Here is a request for testing that is averaging ~1.2s where AWS is ~500ms, and perhaps this is what you’d expect between the difference in sizes of the VM’s as outlined above.
I looked into this a little bit and here’s what I found:
The database instance isn’t being stressed at all
I made the request directly to your VM and it responded in the same time (ruling out our proxy)
There’s no load either on your instance making queries to the db app
Pinging your database from your app instance was fast and reliable (0.5ms)

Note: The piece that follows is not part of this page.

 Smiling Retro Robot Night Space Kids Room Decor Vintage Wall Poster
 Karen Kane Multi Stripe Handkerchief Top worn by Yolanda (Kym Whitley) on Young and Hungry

My current theory is differing PostgreSQL settings. Would it be possible to retrieve your PG settings on RDS? Compare with the ones for your DB hosted on us.

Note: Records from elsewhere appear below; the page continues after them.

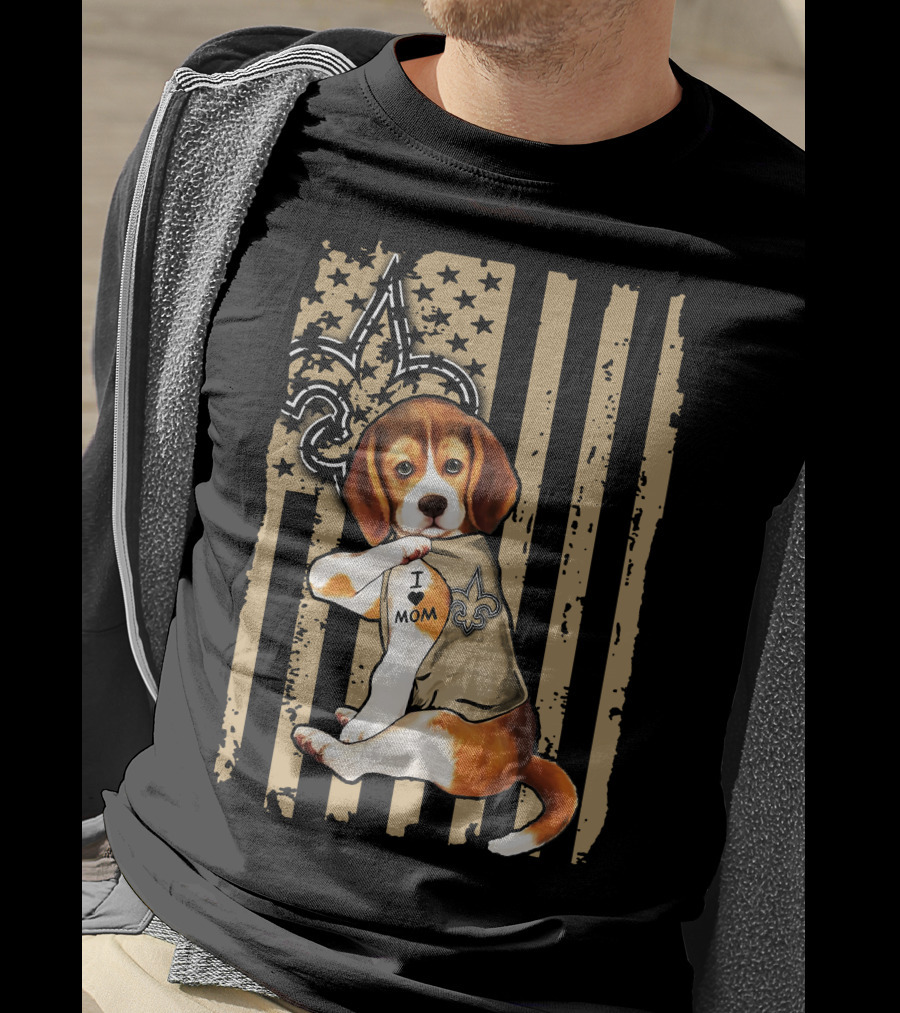 Beagle I Love Mom New Orleans Saints Fleur-de-Lis American Flag T-Shirt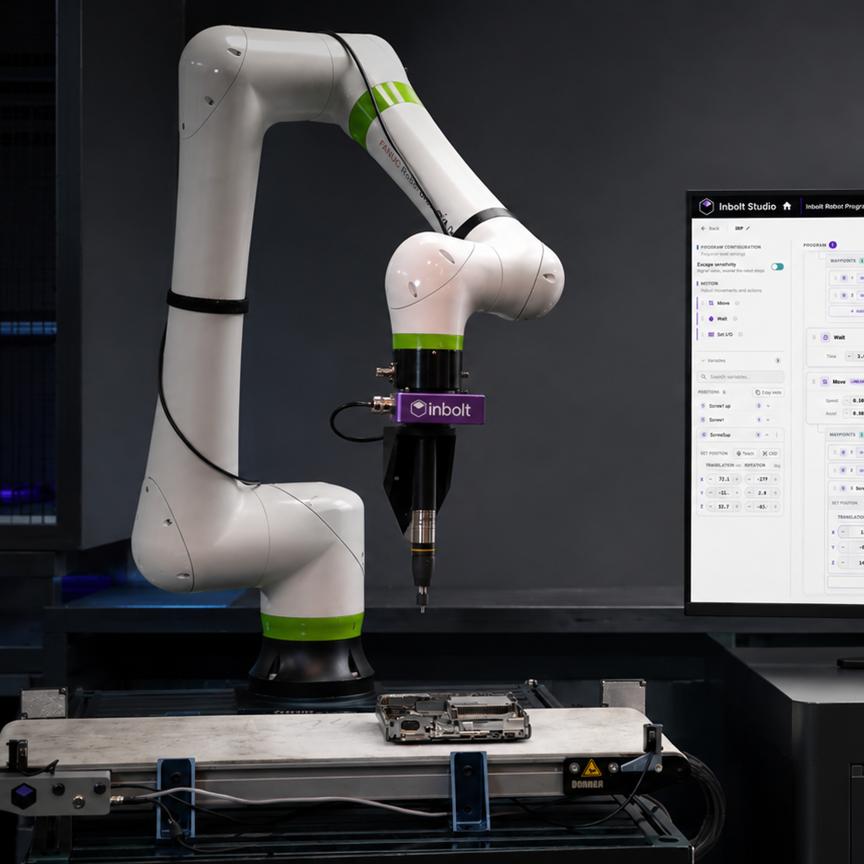 Inbolt’s Robot Programming software alongside a FANUC robot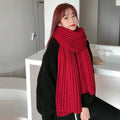 Winter Simple Soft Colorful Knitted Wool Scarf Solid Warm Scarves Lightweight Casual Couple Muffler Striped Elegant Hijab Cashmere Scarf Neck Scarf Christmas Gift For  Women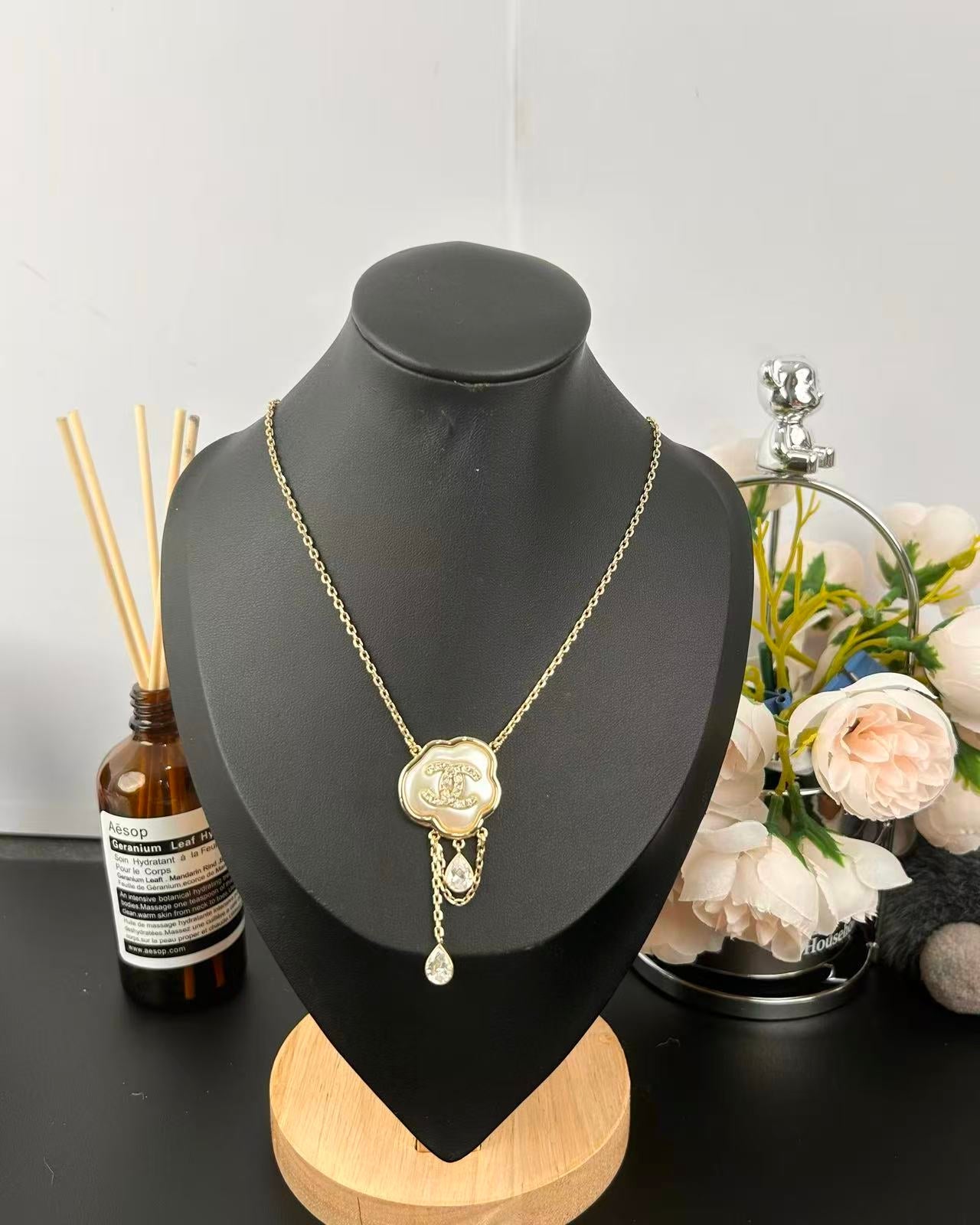 [Panda Jewelry]Cloud Pearl Mother-of-Pearl Diamond Chain Pendant Necklace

A db.m5.4xlarge DB instance has 2x the vCPUs (16) and 4x the memory (64GB) as the Fly.io DB instance you’ve currently configured (8 vCPU, 16GB memory). For a more direct comparison, you’ll want to run an db.m5.2xlarge RDS instance and scale up the Fly.io database to 32GB memory.
Larger vCPU counts typically don’t make much of a difference on a single request (they’re more useful in handling multiple requests concurrently), though they might make a difference if your query plans end up using the parallel query feature.
More memory lets PG fit more pages into its buffer cache, which can speed up read queries if it doesn’t need to fetch as much data from disk.
Durability settings can make a big difference in write-transaction overhead, so make sure that these parameters in particular are similar between deployments (and that they’re appropriate for your workload).
It looks like your app is executing some big database queries responsible for most of the request latency- running EXPLAIN ANALYZE [query] and posting the results would be helpful in further narrowing down the database performance differences on your particular query.